Editorial

City could better coordinate its street work

The Cape Girardeau Planning and Zoning Commission expressed the concerns of a good many motorists when it sat down with the city council to discuss the timing and volume of city street projects that have forced temporary road closings, detours and traveling delays in recent weeks.

Nothing came out of the meeting in the way of explanations for why so many street projects are performed at the same time or why some take so long. Concerned P&Z members must have left the meeting shaking their heads.

And shaking their heads is about all Cape Girardeau motorists have been able to do over the travel inconveniences all of the work causes them.

Almost every year since Cape Girardeau voters enacted a half-cent sales tax to provide a Transportation Trust Fund to finance numerous street improvements, motorists have had to endure closed streets and detours, some for months at a time. It leaves them wondering whether the city pays any attention to the problems the work poses or tries to coordinate work on the projects to cause the least inconvenience to motorists.

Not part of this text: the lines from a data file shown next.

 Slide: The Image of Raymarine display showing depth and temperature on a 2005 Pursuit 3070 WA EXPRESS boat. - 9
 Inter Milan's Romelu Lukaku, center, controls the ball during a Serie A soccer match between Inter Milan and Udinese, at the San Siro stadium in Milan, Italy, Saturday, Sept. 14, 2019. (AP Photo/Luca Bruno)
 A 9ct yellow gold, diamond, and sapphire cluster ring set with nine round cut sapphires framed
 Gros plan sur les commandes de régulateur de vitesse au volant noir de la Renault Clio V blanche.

Mayor Al Spradling III pointed out that inconvenience is part of the price of having better streets. He agreed there is a degree of frustration but said, "When people see how good things have gotten on our streets, it will override any frustration they have felt."

P&Z commissioner Harry Rediger had asked for the meeting over concerns about how the public reacts to the number of street projects that have caused detours and left frazzled drivers scrambling to find alternative routes. Rediger said part of the frustration is the surprise of not knowing a street is closed or they must detour. He said the public should be informed when street work is to start and end, to which the mayor responded that the city does inform motorists of upcoming work through the media, cable-access channel and on utility bills.

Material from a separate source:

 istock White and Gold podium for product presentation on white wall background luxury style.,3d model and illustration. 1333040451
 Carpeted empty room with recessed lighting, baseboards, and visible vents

But more can be done in the way of coordinating the timing of the work, and that is the responsibility of the city administration. Seeing street projects idled for extended periods of time and encountering numerous street projects just as traffic snarls are being generated by the start of school don't set well with motorists. The city could ease those frustrations by better coordination of the work, and that can be accomplished in various ways.

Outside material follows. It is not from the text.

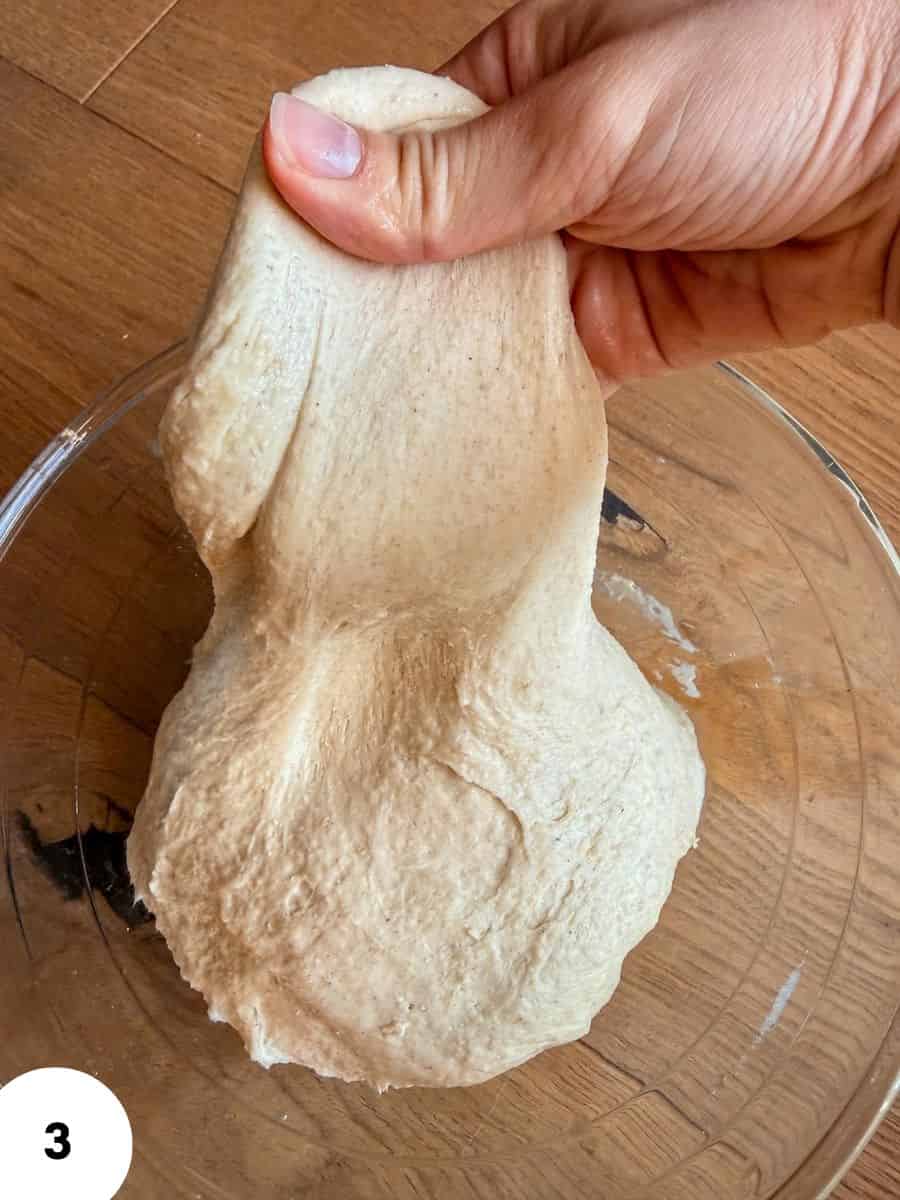 Hand performing stretch and fold dough for bread baking.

The city's transportation sales tax has enabled many much-needed street improvements that could not otherwise have been accomplished, and voters are pleased or they wouldn't have voted in 2000 to extend the tax for another five years.

But the tax expires in 2005, and voters likely will be asked to extend it again. The city will find that better coordination of the work will lessen driver frustration and make voters more receptive to extending the tax when the time comes.